### Supplied information

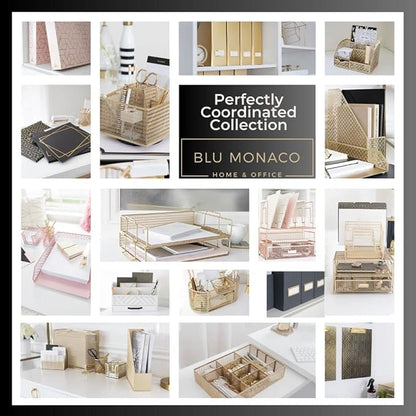 BLU MONACO Set of 6 Aqua Magazine File Holders | Foldable Magazine Storage Boxes - Image 6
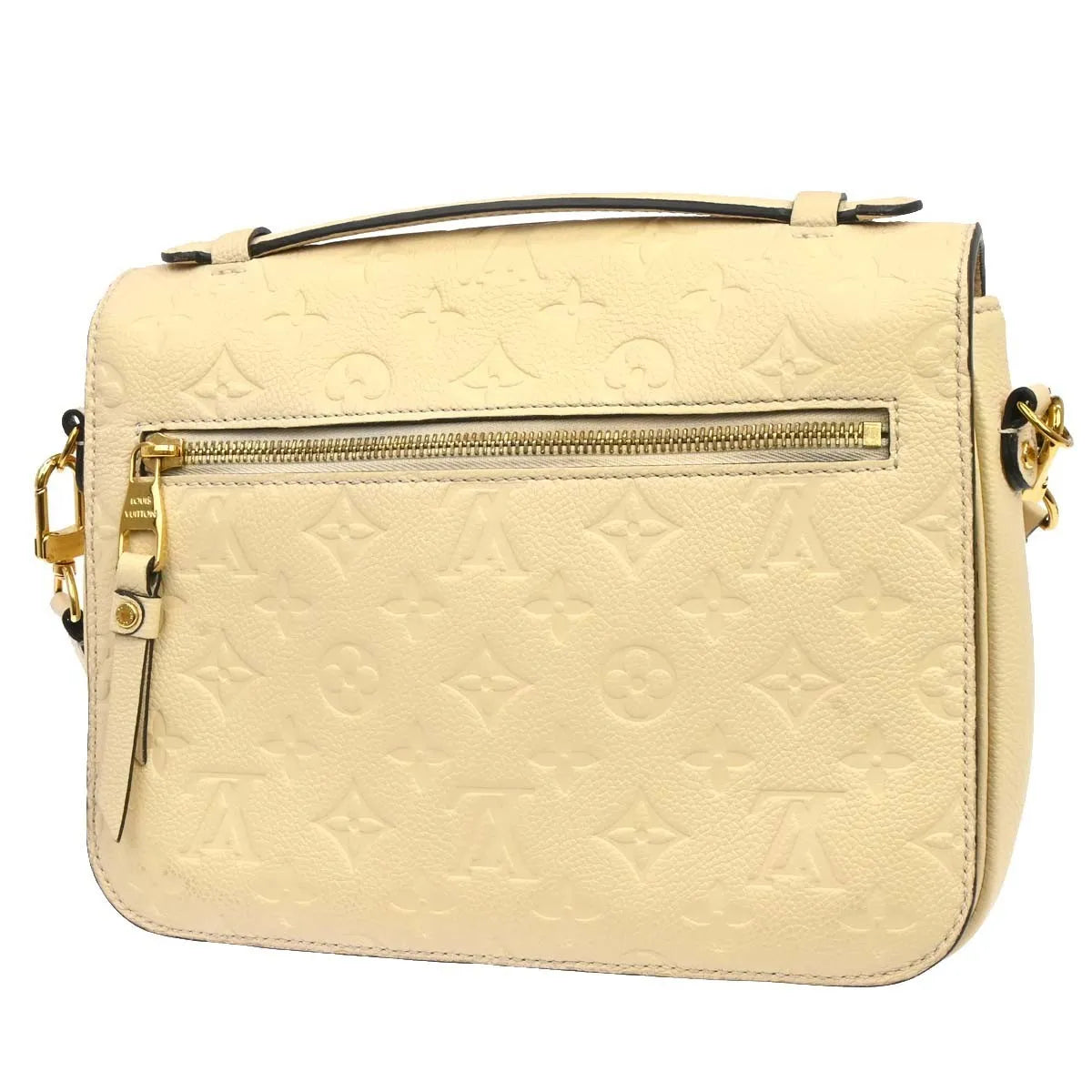 Louis Vuitton Braided Handle Pochette Metis Monogram Empreinte Leather, White, Leather, Handbag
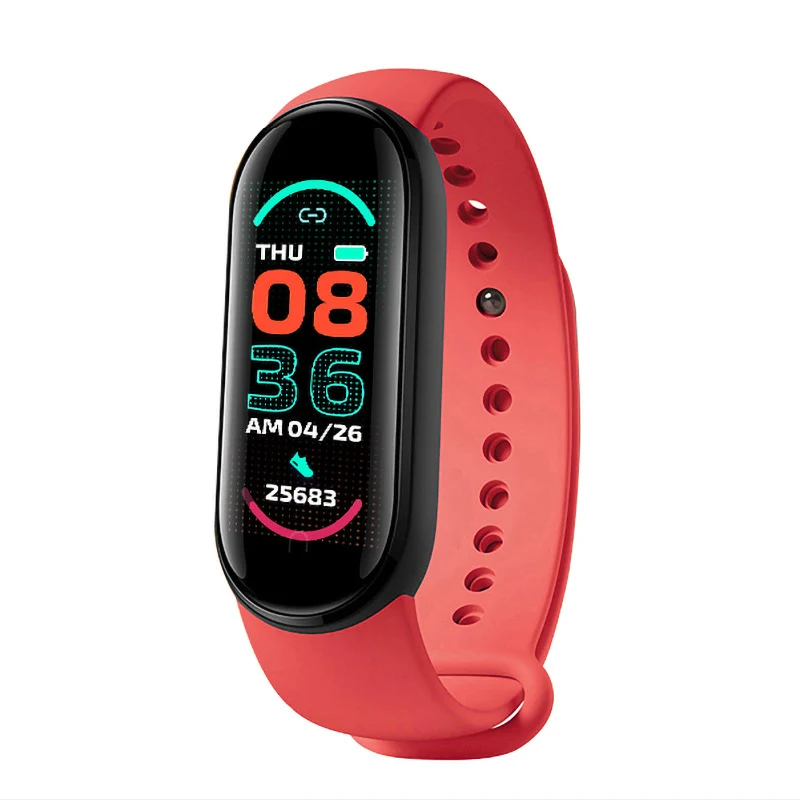 M6 Smart Bracelet Color Screen Sport Bracelet Pedometer Bluetooth Reminder and Heart Rate Blood Pressure Smart Watch for Fitness 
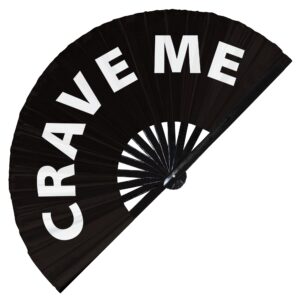 Crave Me hand fan foldable bamboo circuit hand fan funny gag slang words expressions statement gifts Festival accessories Rave handheld Circuit event fan Clack fans (Black)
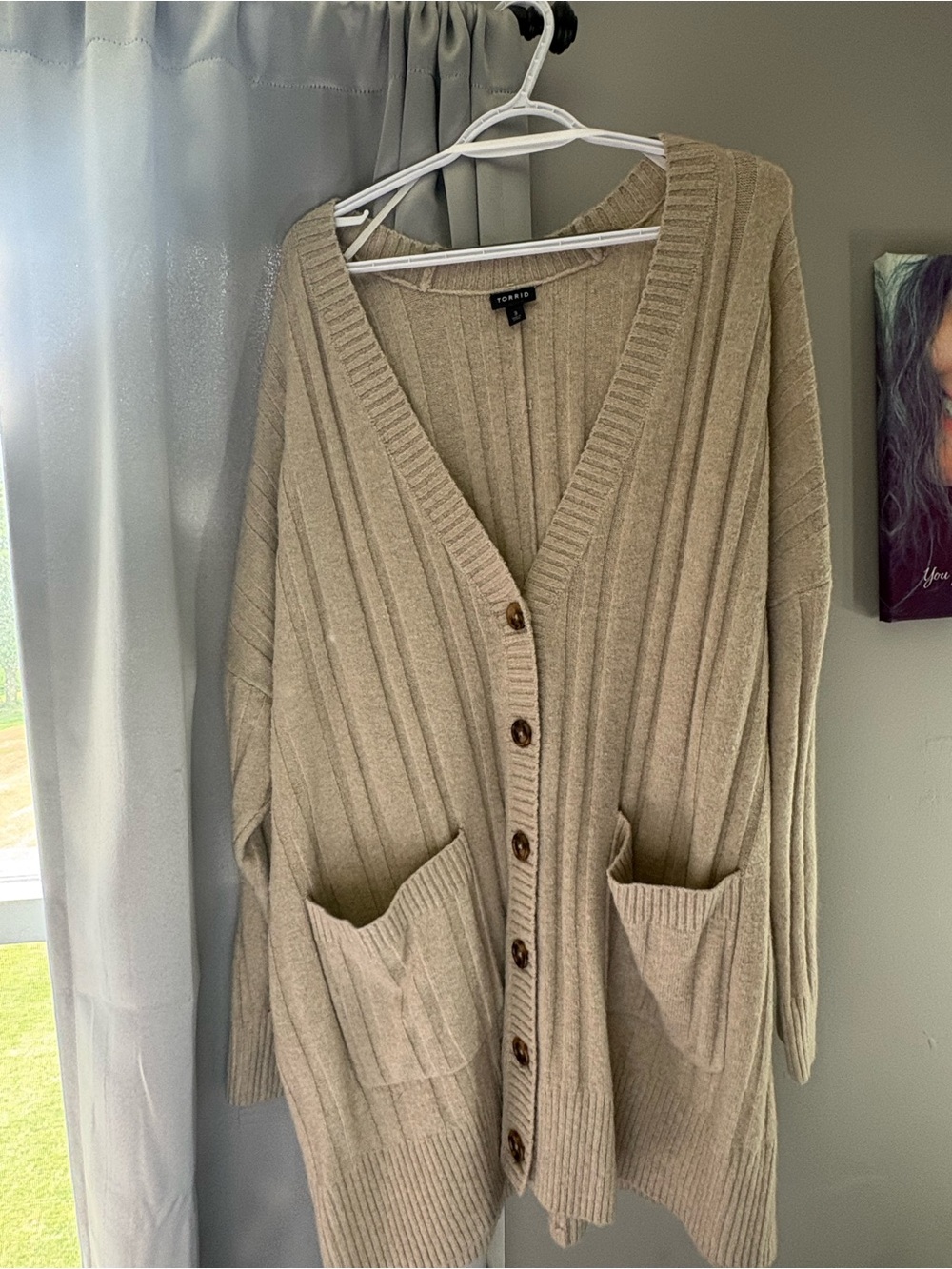 torrid Beige Ribbed Button-Front Cardigan with Pockets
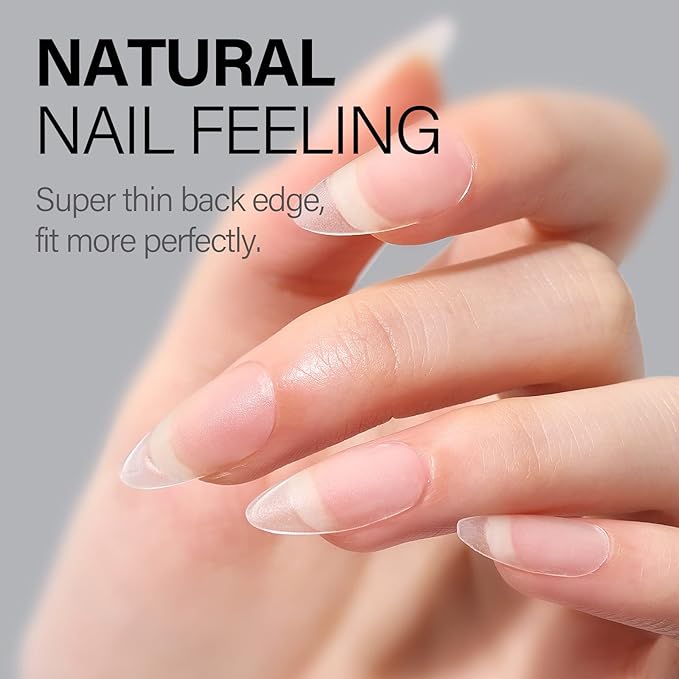 AILLSA Almond Nail Tips 450pcs Soft Full Cover Gel Nails Tips Matte Pre-shaped Press On False Extension Gelly Nail Tip for Acrylic Nails Professional, 15 Sizes Medium Nails Tip for Beginners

### Goal of the exercise
The lines to repeat run from the line containing "Crave Me hand" through the end of the listing above, both included; give them exactly and without pictures.

### Solution to this task
 Crave Me hand fan foldable bamboo circuit hand fan funny gag slang words expressions statement gifts Festival accessories Rave handheld Circuit event fan Clack fans (Black)
 torrid Beige Ribbed Button-Front Cardigan with Pockets
 AILLSA Almond Nail Tips 450pcs Soft Full Cover Gel Nails Tips Matte Pre-shaped Press On False Extension Gelly Nail Tip for Acrylic Nails Professional, 15 Sizes Medium Nails Tip for Beginners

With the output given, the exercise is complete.